Havalimanına vardım ve binbir güvenlik prosedüründen geçtikten sonra bir kahve alıp cam kenarına dışarıyı izlemek için oturdum. Sadece köşeme çekilip kendimi ortamdan soyutlayıp yeni hayaller kurmak istiyordum. Bir saat sonra olan Roma uçağını bekliyordum. Üniversiteyi çocukluk hayallerimin şehri olan Roma’da okuyacaktım. O kadar güzel bir şehir ki sokaklarında yürürken başka bir dünyaya girmiş gibi hissediyorum. Aynı sevdiğiniz bir filmi ilk izlediğinizdeki gibi veya sevdiğiniz birinin sizin ayaklarınızı yerden kesmesi gibiydi. Geç bir saatti bu sebeple havalimanı her zamankinden sessizdi. Ölüm sessizliği vardı. Sanki bir ruh emici gelmiş ve ortamdaki herkesin ruhunu emmişti.

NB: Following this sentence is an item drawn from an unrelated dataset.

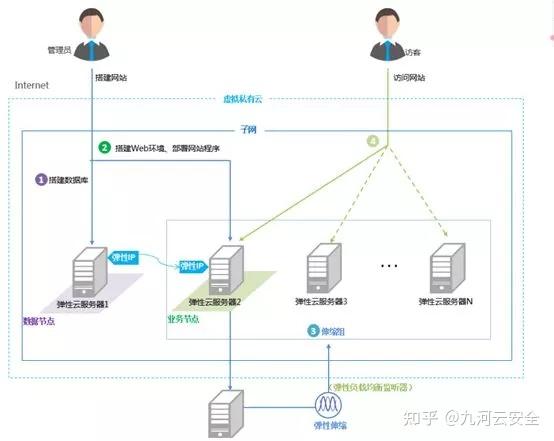 云建站和服务器的关系是什么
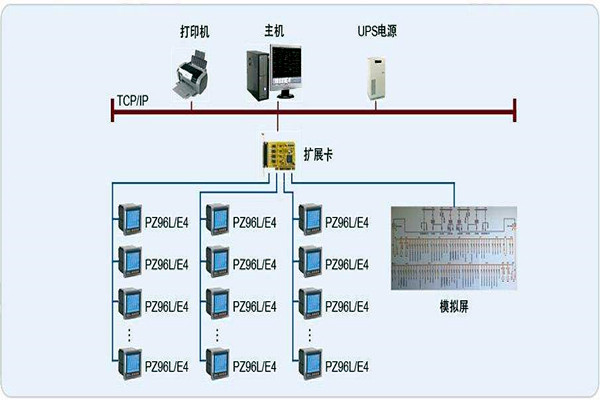 變配電監(jiān)控系統(tǒng)整體操作模塊的規(guī)劃方案！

Zaman öldürmek için küçük bir kitapçıya girdim. Kitap okumayı severdim çünkü beni her zaman teselli etmişlerdi. Yorulmuştum, bitkin düşmüştüm son dönem yüzünden ama sert kabuğum pes etmeme izin vermemişti. Yerime geri dönüp uçağımı beklemeye devam ettim. Tam gözlerimi kapattım ki Roma uçağı için kapıya gelmemizi anons etmişlerdi. Ayağa kalktım sonra bir adamın bana baktığını fark ettim ama ona döndüğüm an gözlerini kaçırdı. Biletimi gösterip uçağa doğru giden tünele ilerledim. Uçağa bindiğimde hostesler kibarca karşıladılar koltuğuma giderken tökezledim ve bir adam belimden düşmeyim diye beni kavradı. Sonra iyi miyim diye yüzümü yokladı. Ama ben hala anın şokundaydım. Sessizce ilerlemeye devam ettim ve yerime oturdum. Cam kenarıydı koltuğum dışarısı o kadar sakindi ki sanki bulutlar da pes etmiş gibiydi. Sonra belimi kavrayan adam yanıma oturdu. Meğerse koltuğu yanımdakiymiş. Eli yanlışlıkla elime değince irkildim ama çaktırmadım. Sonra uçak havalandı ve tam olarak 2 saatimiz vardı Roma’ya varmak için. Garip bir şekilde hüzünlü ve heyecanlıydım. Gözlerimi dinlendirmek için kapattım. Sonra yanımda oturan adam “Gördüğüm en güzel şeydi” dedi. “Efendim” dedim ve gözlerini gözlerime dikerek tekrardan bana siz gördüğüm en güzel şeysiniz dedi…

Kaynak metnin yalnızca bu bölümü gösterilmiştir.